Kothé verwies zudem ausdrücklich auf das von Bundesfinanzminister Wolfgang Schäuble (CDU) angekündigte Investitionsprogramm für Deutschland in Höhe von zehn Milliarden Euro für die Jahre 2016 bis 2018. "Natürlich gehört in diesen ganzen Kontext auch das, was wir hier national in Deutschland machen", sagte Kothé mit Blick auf die Pläne des Kommissionspräsidenten.
Damit scheint klar, dass Juncker für seinen ambitionierten Plan mit dem Geld auskommen muss, das bereits in den EU-Töpfen vorhanden ist. Frisches Geld wird es offenbar nicht geben.
Herzstück des Plans ist denn auch ein neuer Fonds für strategische Investitionen, der Investitionsprojekte etwa in den Bereichen Energie, Verkehr, Bildung und Forschung absichern und dadurch ein Vielfaches an privaten Investitionen erzeugen soll. Der Fonds soll mit 16 Milliarden Euro aus bereits vorhandenen EU-Mitteln plus 5 Milliarden Euro von der Europäischen Investitionsbank (EIB) ausgestattet werden. Die EU-Kommission geht davon aus, dass so auch bei privaten Unternehmen Investitionen angeschoben werden können, die mindestens 15 Mal so hoch liegen wie die Fondssumme von 21 Milliarden Euro.

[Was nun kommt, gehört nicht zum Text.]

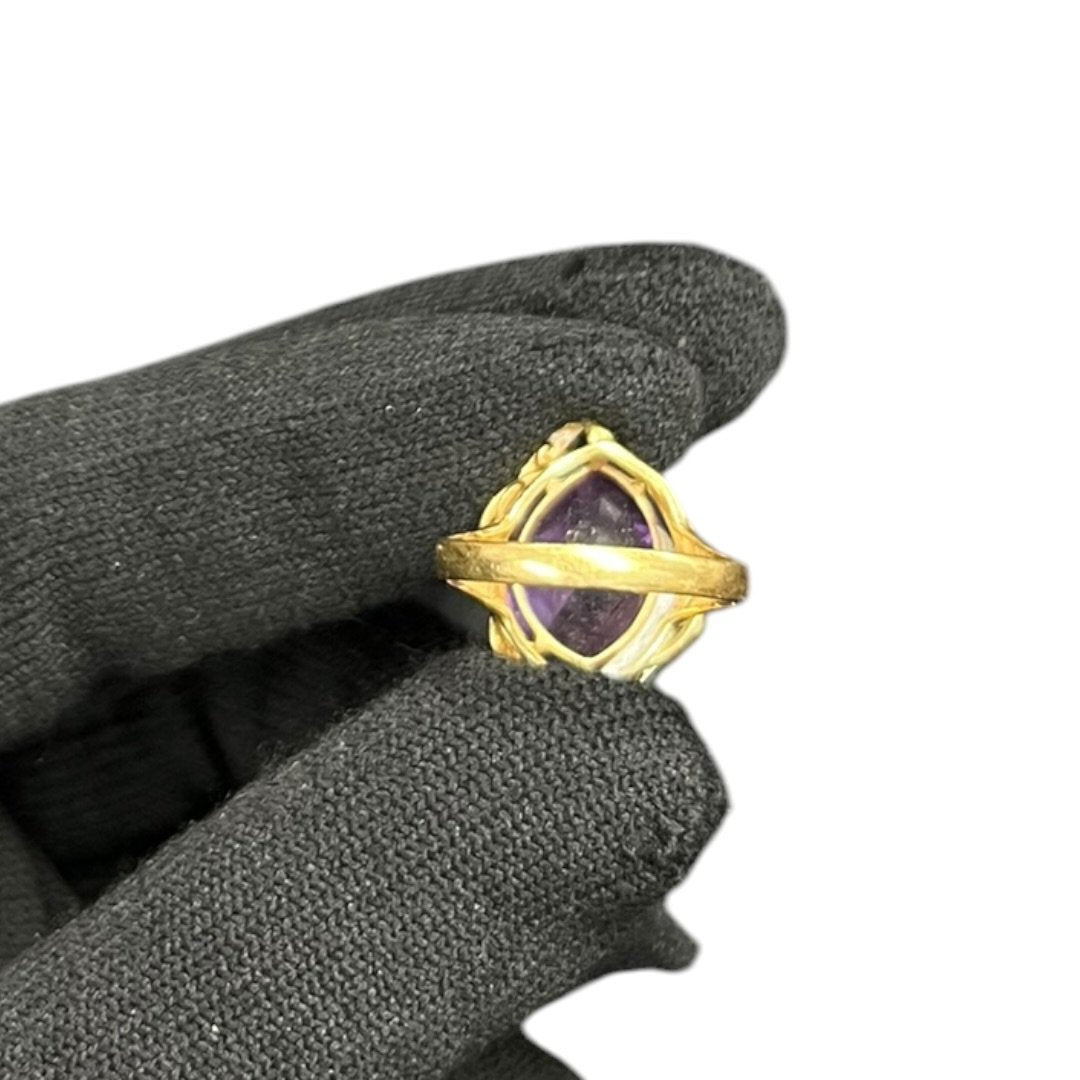 UNBRANDED Accessory 18K Gold, Amethyst, Diamonds Ring Purple, Gold, White je37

Aber auch hier wird die Bundesregierung dem Junker'schen Plänen vorher noch einmal genau auf den Zahn fühlen. Die konkrete Prüfung der Vorschläge aus Brüssel gelte "insbesondere" für den Strategie-Fonds, betonte Kothé. "Wichtig aus unserer Sicht ist, dass der Fokus natürlich auch darauf liegt, dass investitionsfreundliche Rahmenbedingungen geschaffen werden", sagte die Sprecherin.
Seibert erklärte, es komme aus Sicht von Kanzlerin Merkel entscheidend darauf an, in welchen Gebieten die Investitionen stattfänden. Merkel hat in diesem Zusammenhang bereits mehrfach betont, die Digitalisierung - also der Ausbau der digitalen Infrastruktur - müsse beim geplanten Milliarden-Paket ganz oben auf der Agenda stehen. Die Digitalisierung sei für die Wertschöpfung in Zukunft "von entscheidender Bedeutung".
Im Bundestag bekräftigte Merkel, ein wesentlicher Schwerpunkt für sie sei es, "die Chancen der Digitalisierung für Europa zu ergreifen." Europa müsse vor allem wieder attraktiver werden für private Investitionen, sagte die CDU-Vorsitzende. Es komme auf einen investitionsfreundlichen Rahmen an, etwa durch Bürokratieabbau, um kleine und mittlere Unternehmen als Träger von Wachstum und Beschäftigung zu entlasten.
Das Investitionsprogramm wird laut Seibert beim EU-Gipfel am 18. und 19. Dezember in Brüssel ein "zentrales Thema" sein. "Dann werden sich die Staats- und Regierungschefs damit befassen und die weiteren Schritte dazu beraten", sagte er.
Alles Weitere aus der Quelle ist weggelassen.